Venard v. Department of Corrections

72 P.3d 446, 2003 Colo. App. LEXIS 705, 2003 WL 21026717
CourtColorado Court of Appeals
DecidedMay 8, 2003
DocketNo. 01CA2065
StatusPublished
Cited by5 cases

This text of 72 P.3d 446 (Venard v. Department of Corrections) is published on Counsel Stack Legal Research, covering Colorado Court of Appeals primary law. Counsel Stack provides free access to over 12 million legal documents including statutes, case law, regulations, and constitutions.

Bluebook
Venard v. Department of Corrections, 72 P.3d 446, 2003 Colo. App. LEXIS 705, 2003 WL 21026717 (Colo. Ct. App. 2003).

Opinion

Opinion by

Chief Judge DAVIDSON.

Pursuant to § 24-50-125.4(8), C.R.S.2002, complainant, Perry Venard, appeals from the order of the Colorado State Personnel Board upholding his termination from employment. We vacate the order and remand for further proceedings.

Complainant's employment was terminated by the Colorado Department of Corrections (DOC) following the escape of three inmates from the Arkansas Valley Correctional Facility (AVCF). Complainant was hired by the DOC as a Correctional Support Supervisor II at the AVCF, where he supervised an inmate work crew. Complainant was in charge of the tools used at the facility and was responsible for marking and inventorying new tools, including Class A tools which could be used as a weapon or in an escape.

[448]*448In February 1998, complainant received and inventoried fifteen new lineman pliers, which were classified as Class A tools. Complainant kept twelve of the lineman pliers in his desk drawer and put the remaining three in the tool locker located in the men's bathroom. The computer inventory showed that all fifteen of the pliers were located in the tool locker.

In September 1999, complainant was promoted to Correctional Support Supervisor III. He supervised the HVAC and plumbing staff but, according to the DOC, remained responsible for his previous duties, including tool control, until a replacement was hired.

In December 1999, three inmates escaped from the AVCF by cutting a hole in the fence surrounding the facility. A pair of lineman pliers that had been marked and inventoried by complainant in February 1998 was found on the ground where the escapees had cut through the fence.

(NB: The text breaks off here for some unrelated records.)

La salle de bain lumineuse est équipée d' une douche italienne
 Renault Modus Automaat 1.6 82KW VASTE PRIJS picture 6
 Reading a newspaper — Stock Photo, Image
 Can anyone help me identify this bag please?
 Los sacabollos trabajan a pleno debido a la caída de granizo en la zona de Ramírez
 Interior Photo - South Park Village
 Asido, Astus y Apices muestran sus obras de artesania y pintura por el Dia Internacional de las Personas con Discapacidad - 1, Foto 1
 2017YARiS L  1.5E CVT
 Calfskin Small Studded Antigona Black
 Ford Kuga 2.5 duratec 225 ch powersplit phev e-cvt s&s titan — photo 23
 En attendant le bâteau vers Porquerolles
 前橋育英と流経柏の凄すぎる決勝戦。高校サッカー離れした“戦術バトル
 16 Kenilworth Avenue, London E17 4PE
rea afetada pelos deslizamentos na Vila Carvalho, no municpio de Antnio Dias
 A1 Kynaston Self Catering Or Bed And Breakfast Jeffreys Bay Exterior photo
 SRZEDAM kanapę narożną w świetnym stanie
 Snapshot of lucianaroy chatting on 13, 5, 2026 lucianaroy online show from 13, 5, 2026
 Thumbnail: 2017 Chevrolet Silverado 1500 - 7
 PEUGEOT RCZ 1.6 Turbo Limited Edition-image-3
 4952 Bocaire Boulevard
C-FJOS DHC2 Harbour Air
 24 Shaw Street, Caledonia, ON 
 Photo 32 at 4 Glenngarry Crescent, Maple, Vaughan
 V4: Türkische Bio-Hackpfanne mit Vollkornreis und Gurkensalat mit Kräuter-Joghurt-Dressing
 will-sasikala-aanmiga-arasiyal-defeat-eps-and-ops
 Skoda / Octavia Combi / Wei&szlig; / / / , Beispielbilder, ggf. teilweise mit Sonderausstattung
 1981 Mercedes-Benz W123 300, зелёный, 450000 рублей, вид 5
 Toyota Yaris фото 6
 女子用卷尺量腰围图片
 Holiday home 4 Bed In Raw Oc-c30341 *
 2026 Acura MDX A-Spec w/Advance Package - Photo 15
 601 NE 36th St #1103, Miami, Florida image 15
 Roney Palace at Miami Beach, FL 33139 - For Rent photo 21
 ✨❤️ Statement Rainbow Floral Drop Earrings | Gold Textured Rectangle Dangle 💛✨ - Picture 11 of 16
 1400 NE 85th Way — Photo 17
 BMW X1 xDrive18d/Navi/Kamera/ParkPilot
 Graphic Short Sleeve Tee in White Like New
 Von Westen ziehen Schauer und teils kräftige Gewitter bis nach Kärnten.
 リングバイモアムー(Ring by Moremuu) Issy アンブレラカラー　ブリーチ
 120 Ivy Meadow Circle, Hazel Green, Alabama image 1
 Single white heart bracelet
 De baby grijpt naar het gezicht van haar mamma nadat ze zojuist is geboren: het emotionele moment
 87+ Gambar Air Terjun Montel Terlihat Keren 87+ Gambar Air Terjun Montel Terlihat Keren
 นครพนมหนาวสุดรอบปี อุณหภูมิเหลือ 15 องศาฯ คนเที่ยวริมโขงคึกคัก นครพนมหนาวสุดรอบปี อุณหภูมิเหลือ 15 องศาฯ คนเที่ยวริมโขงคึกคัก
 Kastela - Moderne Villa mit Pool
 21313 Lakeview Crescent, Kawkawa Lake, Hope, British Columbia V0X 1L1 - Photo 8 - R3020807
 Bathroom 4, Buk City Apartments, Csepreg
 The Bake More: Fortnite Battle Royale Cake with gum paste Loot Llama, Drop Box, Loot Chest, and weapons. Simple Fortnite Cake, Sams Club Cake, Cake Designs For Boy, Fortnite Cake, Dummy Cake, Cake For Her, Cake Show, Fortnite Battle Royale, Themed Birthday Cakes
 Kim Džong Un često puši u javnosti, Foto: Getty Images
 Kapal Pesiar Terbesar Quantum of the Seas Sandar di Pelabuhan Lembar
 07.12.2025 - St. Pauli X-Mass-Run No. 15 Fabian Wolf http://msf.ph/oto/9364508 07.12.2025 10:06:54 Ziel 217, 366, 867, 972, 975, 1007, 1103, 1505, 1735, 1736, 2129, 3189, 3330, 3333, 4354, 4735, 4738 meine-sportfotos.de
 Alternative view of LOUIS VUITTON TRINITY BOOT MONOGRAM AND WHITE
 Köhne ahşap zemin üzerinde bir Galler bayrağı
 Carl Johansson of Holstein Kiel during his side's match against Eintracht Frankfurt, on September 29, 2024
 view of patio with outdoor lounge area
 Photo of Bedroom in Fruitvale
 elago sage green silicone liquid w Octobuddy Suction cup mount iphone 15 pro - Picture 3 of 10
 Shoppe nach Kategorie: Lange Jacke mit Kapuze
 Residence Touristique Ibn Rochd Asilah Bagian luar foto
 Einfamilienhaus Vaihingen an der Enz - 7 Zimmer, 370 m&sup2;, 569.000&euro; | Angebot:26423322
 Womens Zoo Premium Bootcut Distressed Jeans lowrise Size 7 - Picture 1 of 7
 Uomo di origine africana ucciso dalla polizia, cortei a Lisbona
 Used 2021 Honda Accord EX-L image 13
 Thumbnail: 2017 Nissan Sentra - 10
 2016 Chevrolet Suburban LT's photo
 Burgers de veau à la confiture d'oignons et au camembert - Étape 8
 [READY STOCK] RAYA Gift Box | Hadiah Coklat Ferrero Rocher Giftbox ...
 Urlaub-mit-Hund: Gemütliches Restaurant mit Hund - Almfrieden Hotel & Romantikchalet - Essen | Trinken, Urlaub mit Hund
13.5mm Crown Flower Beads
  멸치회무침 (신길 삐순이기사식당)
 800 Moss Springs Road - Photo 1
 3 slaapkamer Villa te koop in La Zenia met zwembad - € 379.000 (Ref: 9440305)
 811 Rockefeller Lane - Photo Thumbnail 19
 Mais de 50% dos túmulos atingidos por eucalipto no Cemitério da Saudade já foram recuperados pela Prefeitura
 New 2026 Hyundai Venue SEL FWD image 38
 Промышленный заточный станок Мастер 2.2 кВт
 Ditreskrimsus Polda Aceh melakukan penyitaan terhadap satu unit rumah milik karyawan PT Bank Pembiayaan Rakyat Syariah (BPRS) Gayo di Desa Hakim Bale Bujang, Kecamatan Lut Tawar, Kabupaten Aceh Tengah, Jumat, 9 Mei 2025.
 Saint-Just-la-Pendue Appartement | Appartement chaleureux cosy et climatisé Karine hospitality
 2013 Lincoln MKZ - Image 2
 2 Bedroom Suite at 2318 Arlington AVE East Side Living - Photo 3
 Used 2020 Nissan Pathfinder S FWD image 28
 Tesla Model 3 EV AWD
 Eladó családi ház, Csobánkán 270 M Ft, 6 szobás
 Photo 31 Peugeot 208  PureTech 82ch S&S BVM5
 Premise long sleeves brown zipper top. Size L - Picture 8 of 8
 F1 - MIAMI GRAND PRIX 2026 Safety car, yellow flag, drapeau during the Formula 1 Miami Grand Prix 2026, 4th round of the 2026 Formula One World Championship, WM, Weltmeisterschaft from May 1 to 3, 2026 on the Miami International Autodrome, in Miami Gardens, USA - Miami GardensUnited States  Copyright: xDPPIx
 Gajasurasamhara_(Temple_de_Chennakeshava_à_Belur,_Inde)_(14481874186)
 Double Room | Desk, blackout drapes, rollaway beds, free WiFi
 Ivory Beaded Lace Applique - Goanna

Upon checking the tool locker and discovering that no tools were missing, complainant informed his supervisor that the pliers had likely come from his desk. The supervisor subsequently reported that information to the warden. Complainant was instructed by the warden to write an incident report, in which he stated the following: "Two pair of lineman pliers ... are missing from the physical plant. Both pliers were unissued replacement pliers." The warden was not satisfied with this report and asked complainant to write a more detailed incident report. In response, complainant composed a second report that read: "The two pair of pliers missing from the physical plant are missing from the staff bathroom, tool locker 5. They are pliers that were not yet issued. They were last inventoried in July of 1999. It is unknown to me how they could have left the locker."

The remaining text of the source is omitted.